*** Source material Section Begins ***

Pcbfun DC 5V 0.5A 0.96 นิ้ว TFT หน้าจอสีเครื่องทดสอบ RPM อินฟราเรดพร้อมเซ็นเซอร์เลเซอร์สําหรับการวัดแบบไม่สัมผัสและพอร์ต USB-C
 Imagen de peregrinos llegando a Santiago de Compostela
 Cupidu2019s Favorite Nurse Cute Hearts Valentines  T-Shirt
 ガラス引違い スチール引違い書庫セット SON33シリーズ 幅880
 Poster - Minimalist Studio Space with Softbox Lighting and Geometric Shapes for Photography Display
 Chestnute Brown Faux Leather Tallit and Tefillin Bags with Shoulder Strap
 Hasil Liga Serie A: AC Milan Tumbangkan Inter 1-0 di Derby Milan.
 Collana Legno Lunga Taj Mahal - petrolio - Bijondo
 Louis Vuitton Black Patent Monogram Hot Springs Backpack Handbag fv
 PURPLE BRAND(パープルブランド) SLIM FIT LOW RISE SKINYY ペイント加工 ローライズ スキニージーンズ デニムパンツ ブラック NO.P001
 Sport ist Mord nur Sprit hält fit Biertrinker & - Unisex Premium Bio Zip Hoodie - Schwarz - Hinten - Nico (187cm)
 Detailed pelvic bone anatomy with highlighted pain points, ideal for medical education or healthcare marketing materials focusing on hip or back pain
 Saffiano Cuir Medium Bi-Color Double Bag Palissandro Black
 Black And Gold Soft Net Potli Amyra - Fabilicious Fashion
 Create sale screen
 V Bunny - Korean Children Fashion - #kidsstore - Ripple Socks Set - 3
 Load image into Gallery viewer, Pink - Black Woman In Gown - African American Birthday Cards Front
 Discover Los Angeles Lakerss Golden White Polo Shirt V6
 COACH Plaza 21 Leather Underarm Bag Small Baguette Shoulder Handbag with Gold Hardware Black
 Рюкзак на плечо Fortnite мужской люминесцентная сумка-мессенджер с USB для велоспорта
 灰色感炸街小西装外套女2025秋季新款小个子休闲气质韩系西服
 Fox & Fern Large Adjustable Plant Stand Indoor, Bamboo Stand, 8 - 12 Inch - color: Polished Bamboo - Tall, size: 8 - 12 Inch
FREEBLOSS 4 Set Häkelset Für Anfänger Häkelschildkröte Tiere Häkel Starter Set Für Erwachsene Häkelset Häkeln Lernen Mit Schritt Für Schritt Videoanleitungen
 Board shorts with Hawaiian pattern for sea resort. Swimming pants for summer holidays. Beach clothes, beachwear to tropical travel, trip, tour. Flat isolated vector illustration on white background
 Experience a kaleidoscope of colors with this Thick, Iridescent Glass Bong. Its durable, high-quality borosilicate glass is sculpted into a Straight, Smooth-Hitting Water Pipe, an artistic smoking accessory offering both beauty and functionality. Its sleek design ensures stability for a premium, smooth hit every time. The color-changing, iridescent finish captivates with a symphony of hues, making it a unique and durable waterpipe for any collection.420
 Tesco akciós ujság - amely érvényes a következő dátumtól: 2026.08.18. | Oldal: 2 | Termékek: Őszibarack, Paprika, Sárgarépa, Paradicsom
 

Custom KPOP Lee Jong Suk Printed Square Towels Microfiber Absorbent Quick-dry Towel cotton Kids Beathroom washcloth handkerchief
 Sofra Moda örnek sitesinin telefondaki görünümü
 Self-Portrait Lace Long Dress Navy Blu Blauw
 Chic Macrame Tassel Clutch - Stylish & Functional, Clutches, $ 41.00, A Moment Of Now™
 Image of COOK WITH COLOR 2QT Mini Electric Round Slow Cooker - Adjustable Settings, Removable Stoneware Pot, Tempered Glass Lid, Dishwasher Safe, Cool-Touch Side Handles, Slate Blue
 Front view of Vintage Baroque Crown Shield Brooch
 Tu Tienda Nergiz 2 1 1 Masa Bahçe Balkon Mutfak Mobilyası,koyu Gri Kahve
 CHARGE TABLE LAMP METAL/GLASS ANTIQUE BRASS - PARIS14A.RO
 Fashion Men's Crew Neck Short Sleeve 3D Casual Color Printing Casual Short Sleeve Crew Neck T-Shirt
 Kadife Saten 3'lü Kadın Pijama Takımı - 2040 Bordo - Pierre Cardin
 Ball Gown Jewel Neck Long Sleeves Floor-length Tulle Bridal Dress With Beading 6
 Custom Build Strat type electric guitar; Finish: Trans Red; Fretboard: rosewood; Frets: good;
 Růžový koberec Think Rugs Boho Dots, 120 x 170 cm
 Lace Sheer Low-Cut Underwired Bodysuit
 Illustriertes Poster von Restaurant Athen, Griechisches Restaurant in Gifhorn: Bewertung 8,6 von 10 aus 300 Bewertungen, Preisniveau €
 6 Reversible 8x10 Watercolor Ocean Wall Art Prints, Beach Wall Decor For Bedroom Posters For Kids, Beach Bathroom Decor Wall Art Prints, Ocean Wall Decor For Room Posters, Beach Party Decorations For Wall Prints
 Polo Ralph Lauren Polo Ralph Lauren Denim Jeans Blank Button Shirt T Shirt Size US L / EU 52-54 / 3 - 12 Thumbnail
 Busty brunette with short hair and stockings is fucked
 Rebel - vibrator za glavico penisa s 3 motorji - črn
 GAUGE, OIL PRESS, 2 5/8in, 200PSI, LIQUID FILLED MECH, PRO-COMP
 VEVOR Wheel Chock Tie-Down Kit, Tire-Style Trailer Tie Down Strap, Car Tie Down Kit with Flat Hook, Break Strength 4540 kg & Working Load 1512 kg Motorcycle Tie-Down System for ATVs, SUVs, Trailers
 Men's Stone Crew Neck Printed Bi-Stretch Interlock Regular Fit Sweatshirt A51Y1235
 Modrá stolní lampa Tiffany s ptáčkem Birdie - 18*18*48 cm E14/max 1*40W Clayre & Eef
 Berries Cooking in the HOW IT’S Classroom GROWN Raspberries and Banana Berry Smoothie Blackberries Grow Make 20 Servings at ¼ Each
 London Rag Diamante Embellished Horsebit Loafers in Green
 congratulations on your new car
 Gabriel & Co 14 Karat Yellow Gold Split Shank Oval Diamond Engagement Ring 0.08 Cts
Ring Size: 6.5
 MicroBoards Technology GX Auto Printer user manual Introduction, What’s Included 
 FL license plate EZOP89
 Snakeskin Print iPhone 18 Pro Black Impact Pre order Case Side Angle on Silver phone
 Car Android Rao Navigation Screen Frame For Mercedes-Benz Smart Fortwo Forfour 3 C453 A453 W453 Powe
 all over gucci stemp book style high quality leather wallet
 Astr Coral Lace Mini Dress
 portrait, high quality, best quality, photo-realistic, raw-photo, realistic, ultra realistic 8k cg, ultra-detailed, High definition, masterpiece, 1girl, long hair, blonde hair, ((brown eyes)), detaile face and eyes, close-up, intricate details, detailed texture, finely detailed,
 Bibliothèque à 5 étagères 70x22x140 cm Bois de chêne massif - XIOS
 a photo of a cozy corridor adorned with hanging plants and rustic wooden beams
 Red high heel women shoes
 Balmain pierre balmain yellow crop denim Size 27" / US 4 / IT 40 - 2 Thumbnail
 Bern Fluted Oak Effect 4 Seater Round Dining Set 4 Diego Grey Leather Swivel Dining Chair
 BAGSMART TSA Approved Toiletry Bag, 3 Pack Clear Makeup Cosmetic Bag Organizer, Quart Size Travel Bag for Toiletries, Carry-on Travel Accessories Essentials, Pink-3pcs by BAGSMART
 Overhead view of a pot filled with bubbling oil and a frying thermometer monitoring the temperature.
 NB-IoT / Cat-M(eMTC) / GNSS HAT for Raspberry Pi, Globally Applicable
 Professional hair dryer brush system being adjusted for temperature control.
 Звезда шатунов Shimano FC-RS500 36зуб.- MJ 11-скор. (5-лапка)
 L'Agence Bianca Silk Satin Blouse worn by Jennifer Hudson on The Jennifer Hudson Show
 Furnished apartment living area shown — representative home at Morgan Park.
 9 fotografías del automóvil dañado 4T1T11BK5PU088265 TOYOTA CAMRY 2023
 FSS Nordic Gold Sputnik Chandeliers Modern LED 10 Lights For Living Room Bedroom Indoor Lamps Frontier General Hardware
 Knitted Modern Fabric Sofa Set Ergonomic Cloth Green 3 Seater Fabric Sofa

*** Source material Section Ends ***

## Exercise details
Only the lines above from the line containing "Image of COOK" through the line containing "Men's Stone Crew" should be retyped, exactly and with both ends included.

## Result of this exercise
 Image of COOK WITH COLOR 2QT Mini Electric Round Slow Cooker - Adjustable Settings, Removable Stoneware Pot, Tempered Glass Lid, Dishwasher Safe, Cool-Touch Side Handles, Slate Blue
 Front view of Vintage Baroque Crown Shield Brooch
 Tu Tienda Nergiz 2 1 1 Masa Bahçe Balkon Mutfak Mobilyası,koyu Gri Kahve
 CHARGE TABLE LAMP METAL/GLASS ANTIQUE BRASS - PARIS14A.RO
 Fashion Men's Crew Neck Short Sleeve 3D Casual Color Printing Casual Short Sleeve Crew Neck T-Shirt
 Kadife Saten 3'lü Kadın Pijama Takımı - 2040 Bordo - Pierre Cardin
 Ball Gown Jewel Neck Long Sleeves Floor-length Tulle Bridal Dress With Beading 6
 Custom Build Strat type electric guitar; Finish: Trans Red; Fretboard: rosewood; Frets: good;
 Růžový koberec Think Rugs Boho Dots, 120 x 170 cm
 Lace Sheer Low-Cut Underwired Bodysuit
 Illustriertes Poster von Restaurant Athen, Griechisches Restaurant in Gifhorn: Bewertung 8,6 von 10 aus 300 Bewertungen, Preisniveau €
 6 Reversible 8x10 Watercolor Ocean Wall Art Prints, Beach Wall Decor For Bedroom Posters For Kids, Beach Bathroom Decor Wall Art Prints, Ocean Wall Decor For Room Posters, Beach Party Decorations For Wall Prints
 Polo Ralph Lauren Polo Ralph Lauren Denim Jeans Blank Button Shirt T Shirt Size US L / EU 52-54 / 3 - 12 Thumbnail
 Busty brunette with short hair and stockings is fucked
 Rebel - vibrator za glavico penisa s 3 motorji - črn
 GAUGE, OIL PRESS, 2 5/8in, 200PSI, LIQUID FILLED MECH, PRO-COMP
 VEVOR Wheel Chock Tie-Down Kit, Tire-Style Trailer Tie Down Strap, Car Tie Down Kit with Flat Hook, Break Strength 4540 kg & Working Load 1512 kg Motorcycle Tie-Down System for ATVs, SUVs, Trailers
 Men's Stone Crew Neck Printed Bi-Stretch Interlock Regular Fit Sweatshirt A51Y1235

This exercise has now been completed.